DATASET CONTENT:
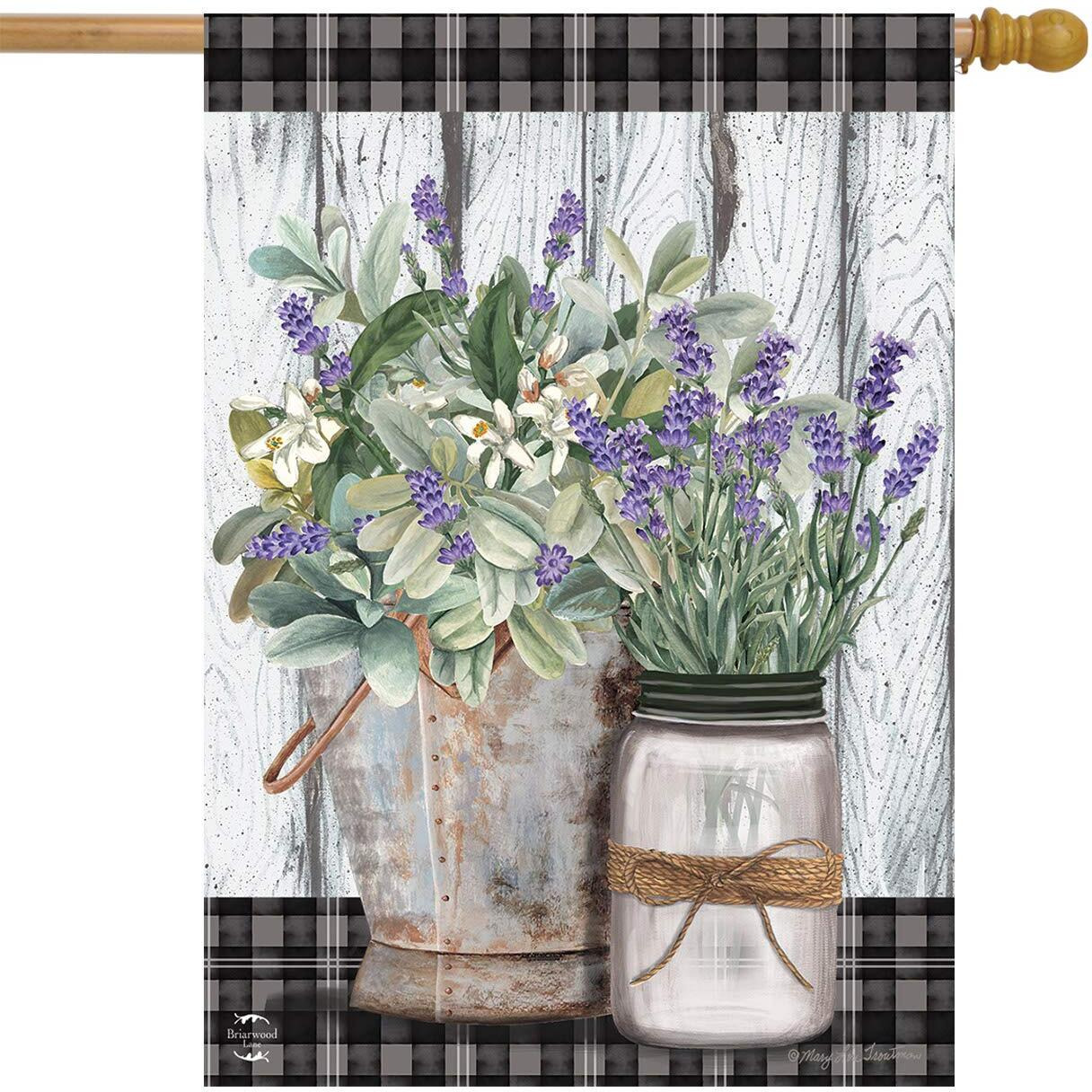 Farmhouse Flowers Spring House Flag Rustic Floral 28"" X 40"" Briarwood Lane
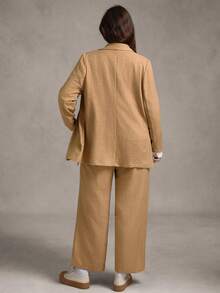 Zelara Plus Size Women's Linen-Like Slub Fabric Solid Color Asymmetrical Collar Long Sleeve Jacket And Pants Suit Set Fall Women Clothes Back To School Homecoming Business Casual Woman Country Concert Outfit Modest Old Money Stockholm Style Office Wear Teacher Outfits For Women Fall Women Clothes Korean Style Business Casual Women Teacher Outfits For Women Homecoming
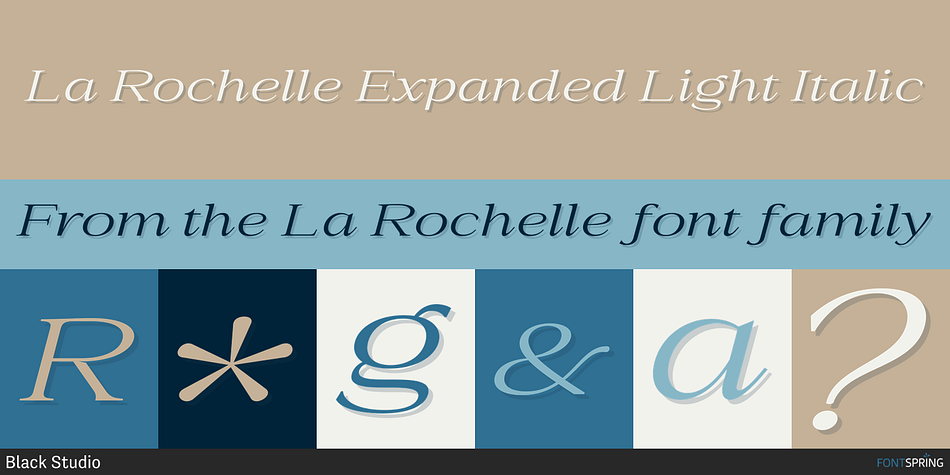 La Rochelle Expanded Light Italic Font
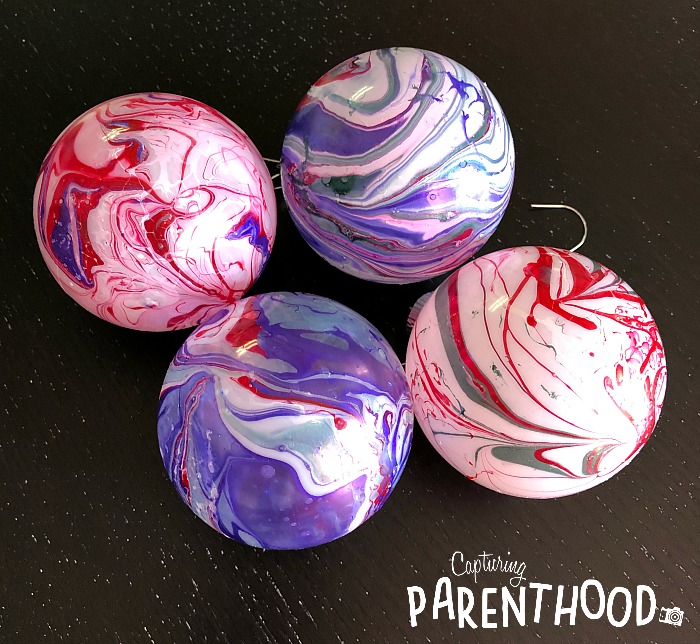Nail Polish Marbled Christmas Ornaments © Capturing Parenthood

WORK ORDER: Starting with the line that holds "Zelara Plus Size", transcribe exactly each line through the last one of the material above, and nothing else. Do not include pictures.

SOLUTION BELOW:
 Zelara Plus Size Women's Linen-Like Slub Fabric Solid Color Asymmetrical Collar Long Sleeve Jacket And Pants Suit Set Fall Women Clothes Back To School Homecoming Business Casual Woman Country Concert Outfit Modest Old Money Stockholm Style Office Wear Teacher Outfits For Women Fall Women Clothes Korean Style Business Casual Women Teacher Outfits For Women Homecoming
 La Rochelle Expanded Light Italic Font
Nail Polish Marbled Christmas Ornaments © Capturing Parenthood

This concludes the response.